It has been nearly three years since the families of Solomon Nyirenda, Yvonne Mnisi and Pretty Nkambule set up camp outside the gates of Lily gold mine in Mpumalanga, awaiting the revival of a mine that was shut down and placed in business rescue after a key support pillar collapsed and sent the container in which they were dispensing safety equipment crashing into the bowels of the earth.
The container, and their bodies, remain there to this day.
“We moved here on the 30th of April 2019, just before Workers Day [May 1], to draw attention to our predicament,” says Harry Mazibuko, spokesperson for the families and a former Association of Mineworkers and Construction Union (Amcu) official working in the mine.
“We’ve been camping here ever since,” he adds.
On Tuesday (January 25), the families will have been camped outside Lily mine for 1 000 days. It’s an extraordinary and solemn vigil that the families say will not end until they get closure on the fate of their loved ones.
Given the remoteness of the mine in rural Mpumalanga, the families realise they are far from the public eye and their vigil goes largely unnoticed.
In the hope of highlighting their plight, they invited Moneyweb to hear their stories.
When the pillar collapsed on February 5, 2016, 76 miners were trapped underground. Thembi Nkosi Makhabela, a former drill rig operator at Lily, was one of them.
“The accident happened at about 8am, and I was on seven level underground. We were able to get to a safe place where we knew rescue operators would find us.”

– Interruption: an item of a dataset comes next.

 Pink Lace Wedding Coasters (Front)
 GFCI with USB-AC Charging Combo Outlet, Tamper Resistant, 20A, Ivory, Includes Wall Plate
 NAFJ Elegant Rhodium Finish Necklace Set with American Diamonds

The mine and all its working infrastructure ground to a halt, leaving the trapped miners to make their way through the dust and the confusion to prearranged assembly points. As part of their safety training, miners are prepared for events such as this.

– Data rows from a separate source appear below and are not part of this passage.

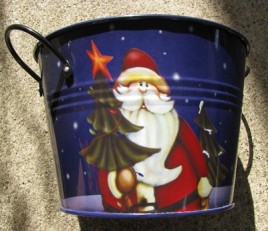 KLY1077006 Santa Metal Bucket 
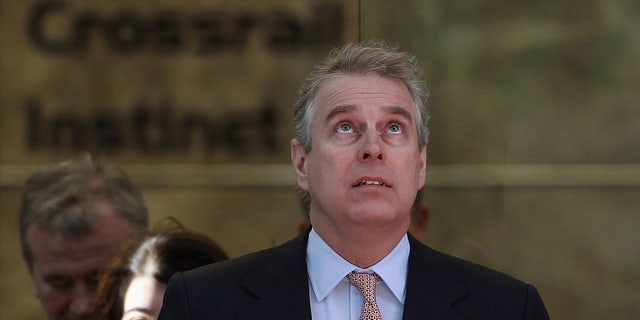 Prince Andrew, Duke of York leaves the headquarters of Crossrail at Canary Wharf on March 7, 2011, in London, England.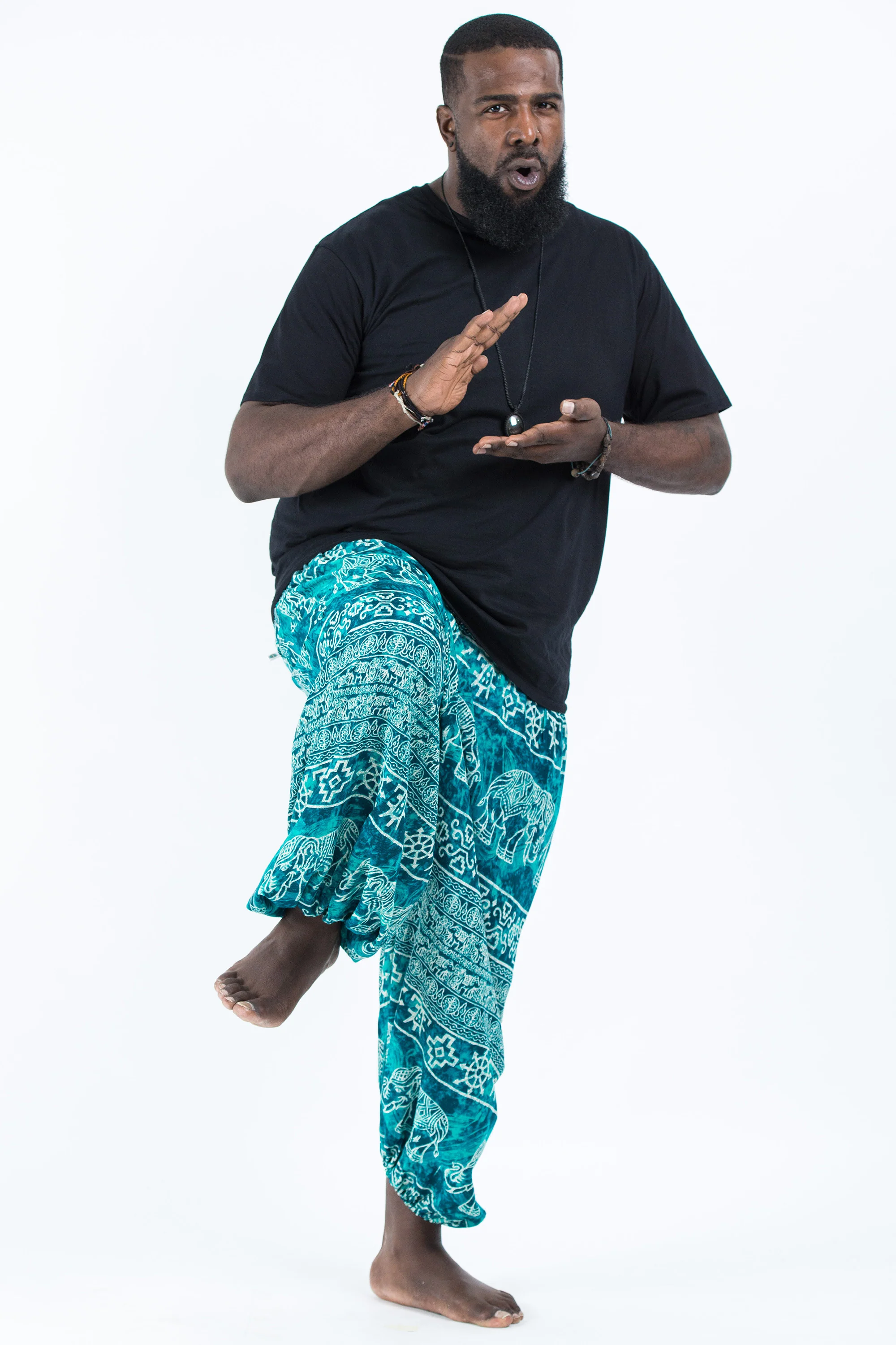 Plus Size Marble Elephant Men's Elephant Pants in Turquoise - Image 4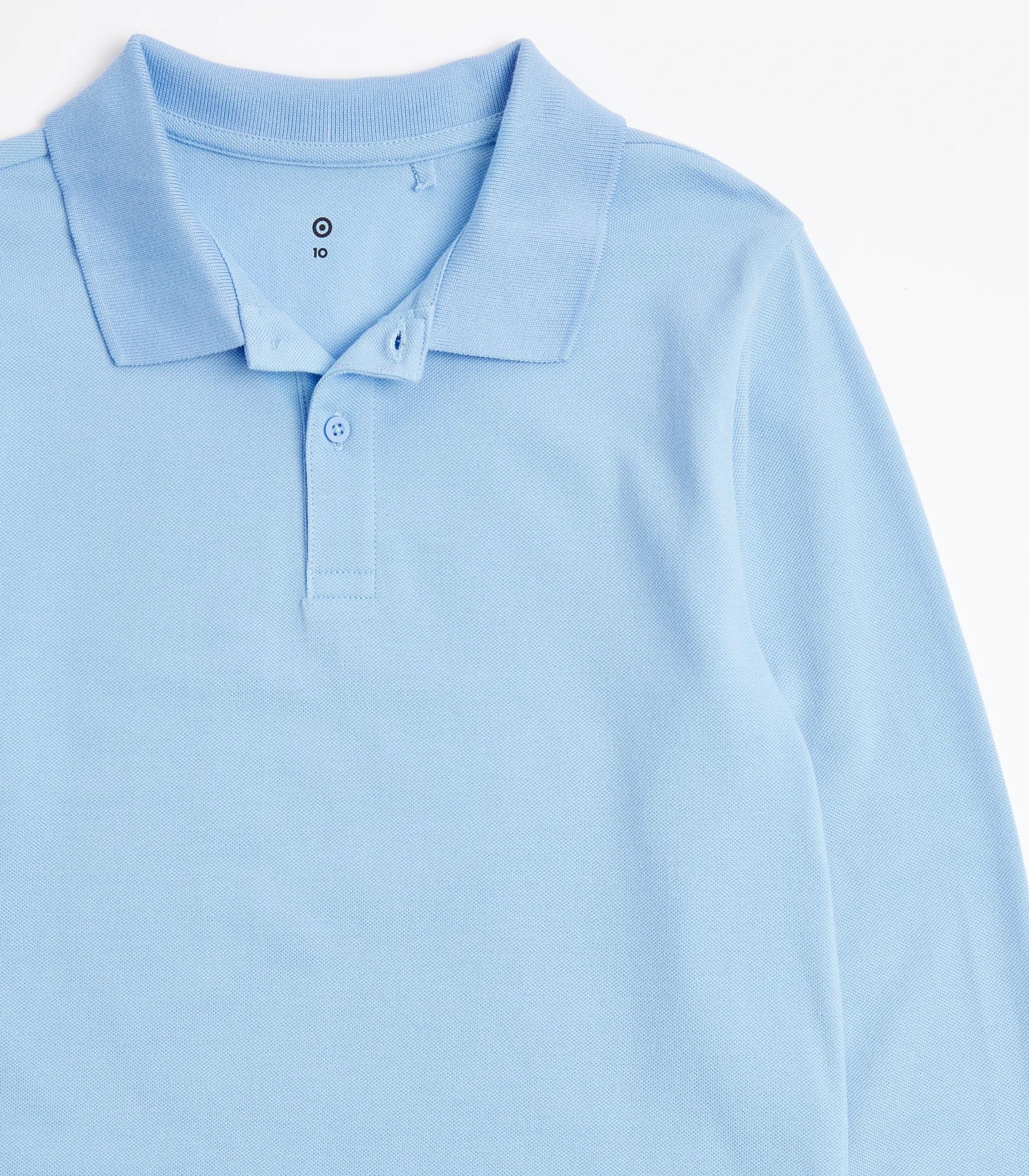 2 Target School Polo Long Sleeve Top LIGHT BLUE, 2 of 3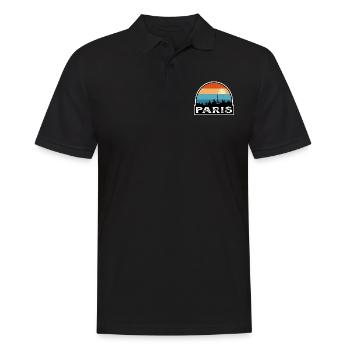 Paris France Flag Skyline Travel Souvenir - Men's Polo Shirt - black - Front - Kai (181cm)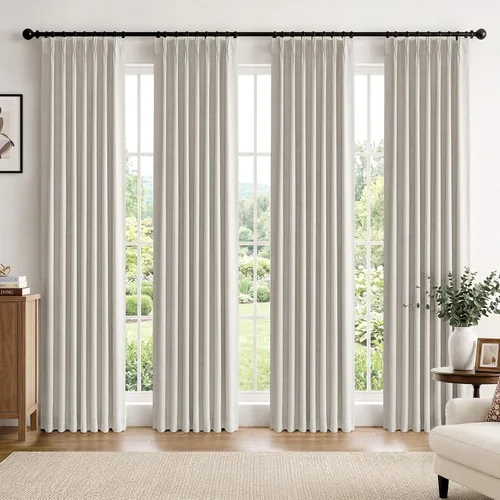 Vista 41 de Cortinas plisadas de lino totalmente opacas beige de 72 pulgadas de largo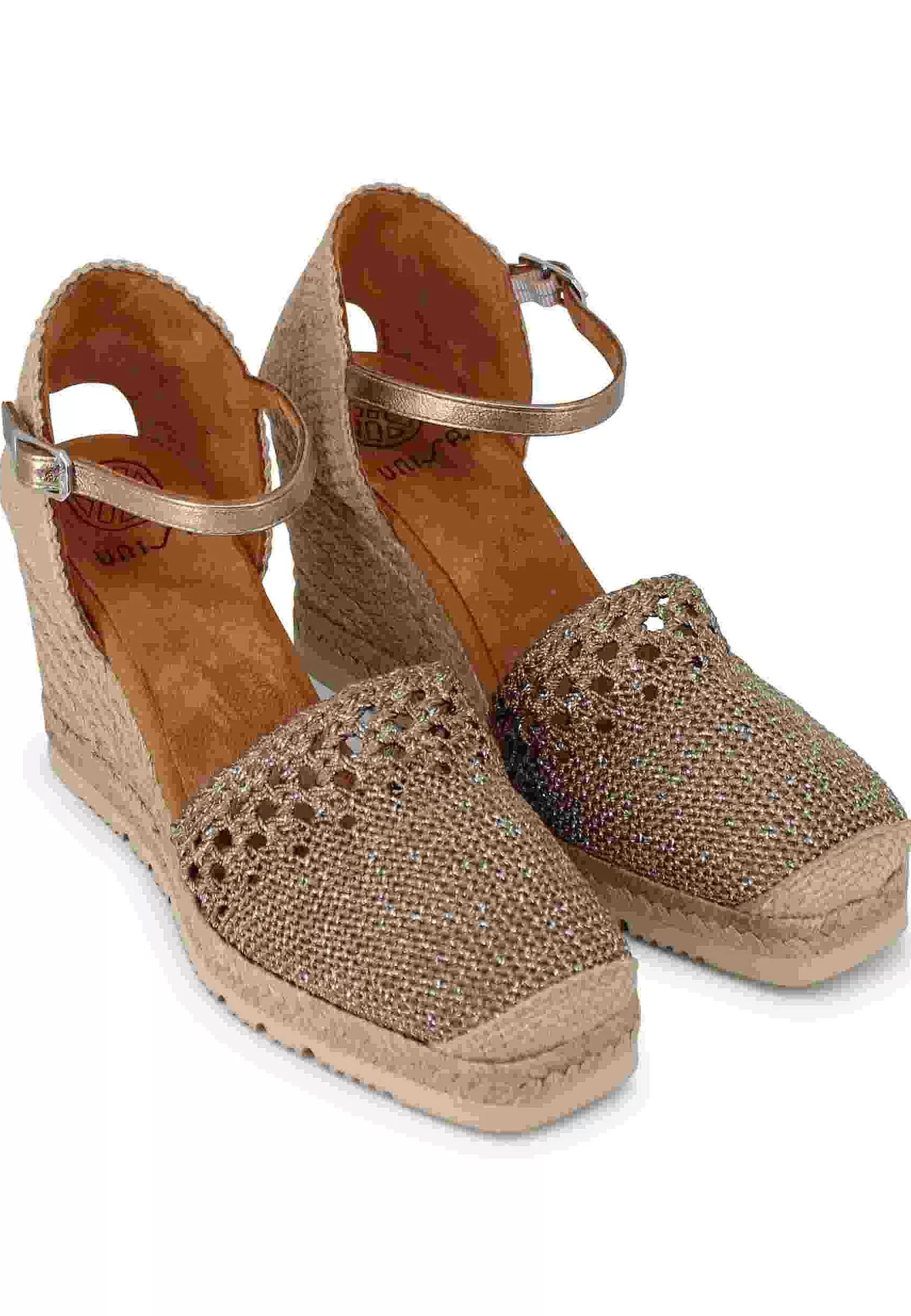 Sandali Espadrillas Donna In Tessuto Laminato Bronzo Con Cinturino Alla Caviglia E Zeppa Alta*Unisa Clearance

By the end of the day, rescue workers managed to locate the missing miners and bring them to the surface. All but Solomon Nyirenda, Yvonne Mnisi and Pretty Nkambule.
Elmon Mnisi, father of Yvonne and also an underground mine worker, trembles with emotion when reflecting on that terrible day that his daughter disappeared into the depths of the mine.

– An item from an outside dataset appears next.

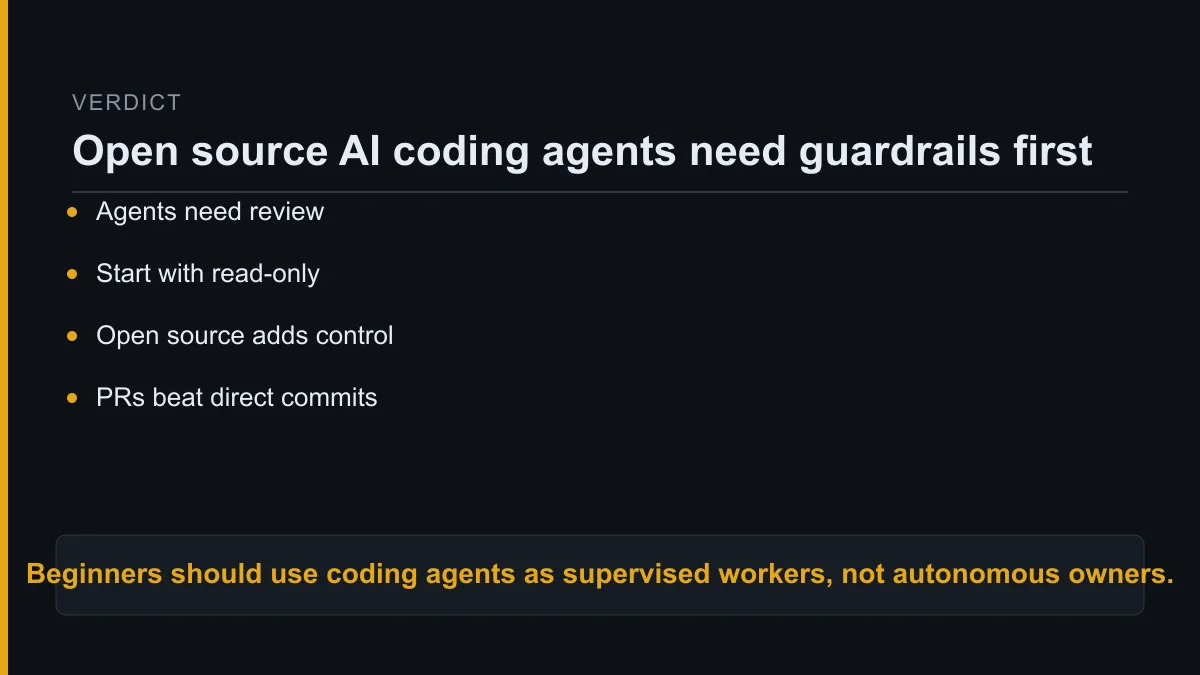 open source ai coding agents, verdict: Beginners should use coding agents as supervised workers, not autonomous owners.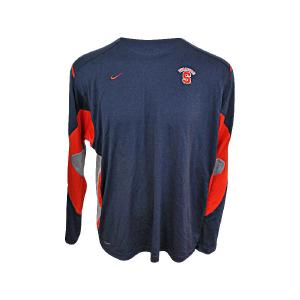 John Desko Syracuse University Men's Lacrosse Nike Navy/Grey/Orange Arch Logo Long Sleeve Workout Shirt (Size XXL) Cheap Sale Brand New Unisex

His anger is directed at the Vantage Goldfields mine management whose neglect, he says, allowed this to happen.
The exact causes of the pillar collapse are the subject of an ongoing magisterial inquest which resumes later this month and will hear testimony from rock engineers as to how the so-called crown pillar came crumbling down, and whether it was through neglect or accident.
Family members say they have had little contact with mine management since the accident happened, but this is disputed by Vantage Goldfields CEO Mike McChesney.
“I’ve engaged with the families many times since the accident and always had good relations with them until Fred Arendse [Arqomanzi’s BEE partner] came along and started throwing largesse their way,” he claims.
“Since 2019, my relationship with the family soured and I was chased away from the encampment. The camp exists as long as it has because it is a sponsored event and is an attempt to embarrass Vantage, but most of the surrounding community sees through this,” adds McChesney.
Arendse told Moneyweb that his company Siyakhula Sonke Empowerment Corporation (SSC), part of the Arqomanzi consortium bidding for control of the Barbrook and Lily mines, has spent R1.13 million on food for the families over a period of five years, and a further R61 000 on schooling for the six orphaned children of Yvonne Mnisi and Pretty Nkambule (Solomon Nyirenda had no children).
“Originally, the families set up camp within the mine where they could pray for their missing family members, but they were very brutally thrown out of the mine when Vantage and the business rescue practitioners got an interdict against them,” says Arendse.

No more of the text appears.